Task objective -> Copy the material below verbatim from the line with "Obraz premium Group" to the line with "GOLFTEC student wearing", both lines included, omitting pictures and every line outside that range.

[Opening Data excerpts section]

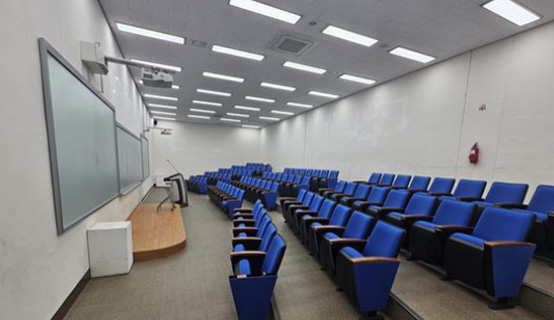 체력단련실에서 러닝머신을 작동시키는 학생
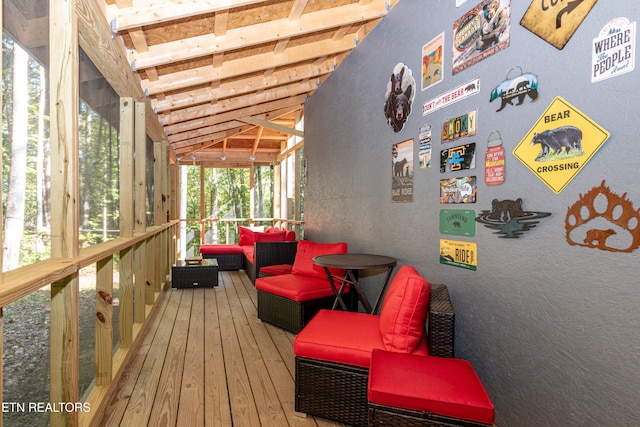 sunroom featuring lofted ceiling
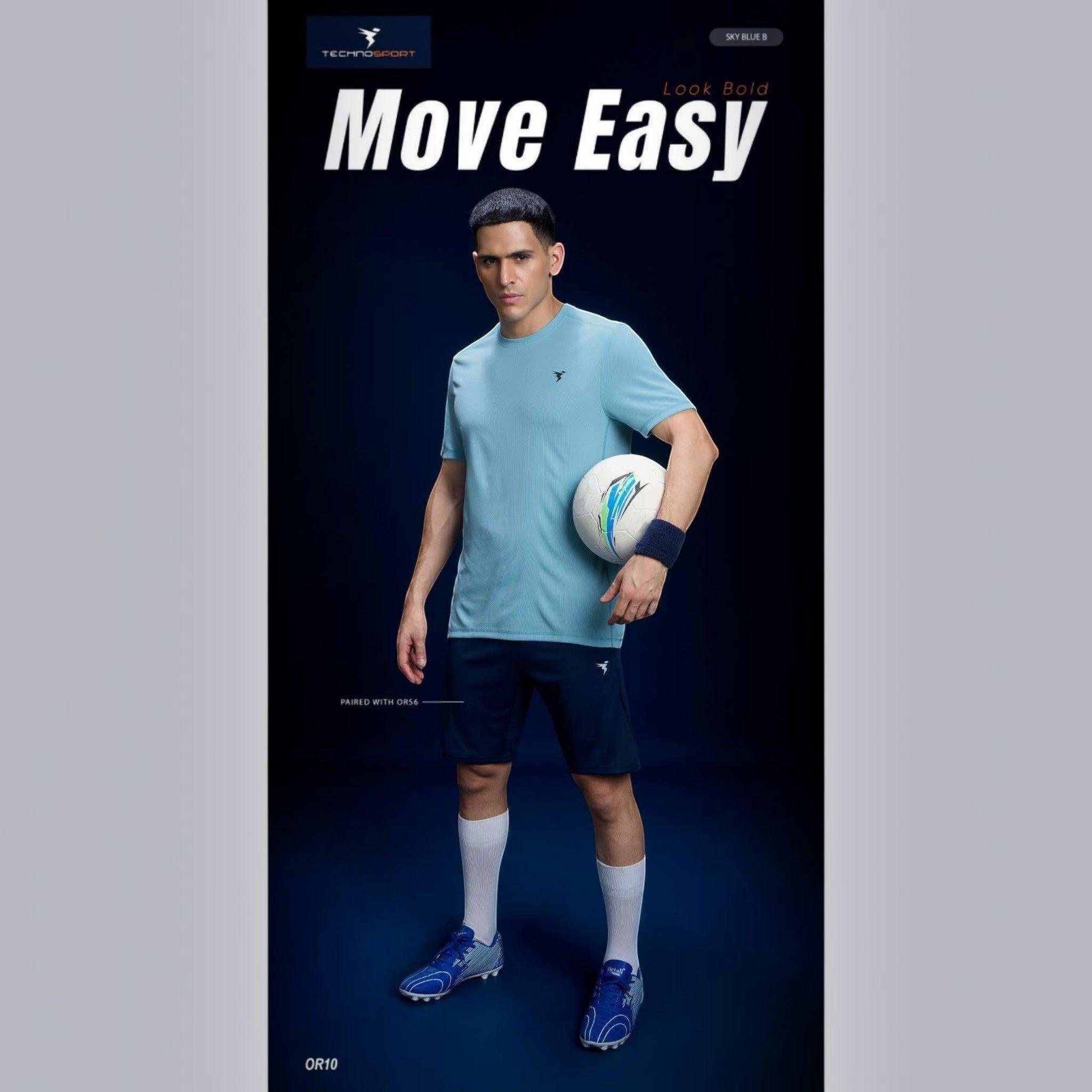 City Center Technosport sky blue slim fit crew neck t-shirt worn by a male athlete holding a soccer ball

[Closing Data excerpts section]
[Opening Data excerpts section]

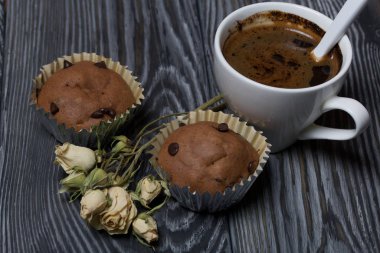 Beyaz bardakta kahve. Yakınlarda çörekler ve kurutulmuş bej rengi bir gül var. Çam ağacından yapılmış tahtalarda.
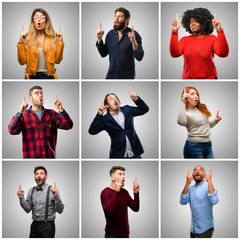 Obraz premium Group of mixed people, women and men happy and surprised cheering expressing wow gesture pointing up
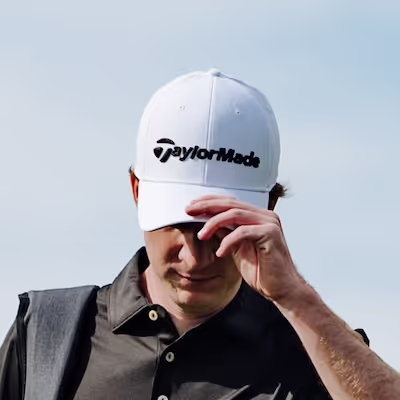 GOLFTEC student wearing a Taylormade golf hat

[Closing Data excerpts section]

Response to this exercise ->
 Obraz premium Group of mixed people, women and men happy and surprised cheering expressing wow gesture pointing up
 GOLFTEC student wearing a Taylormade golf hat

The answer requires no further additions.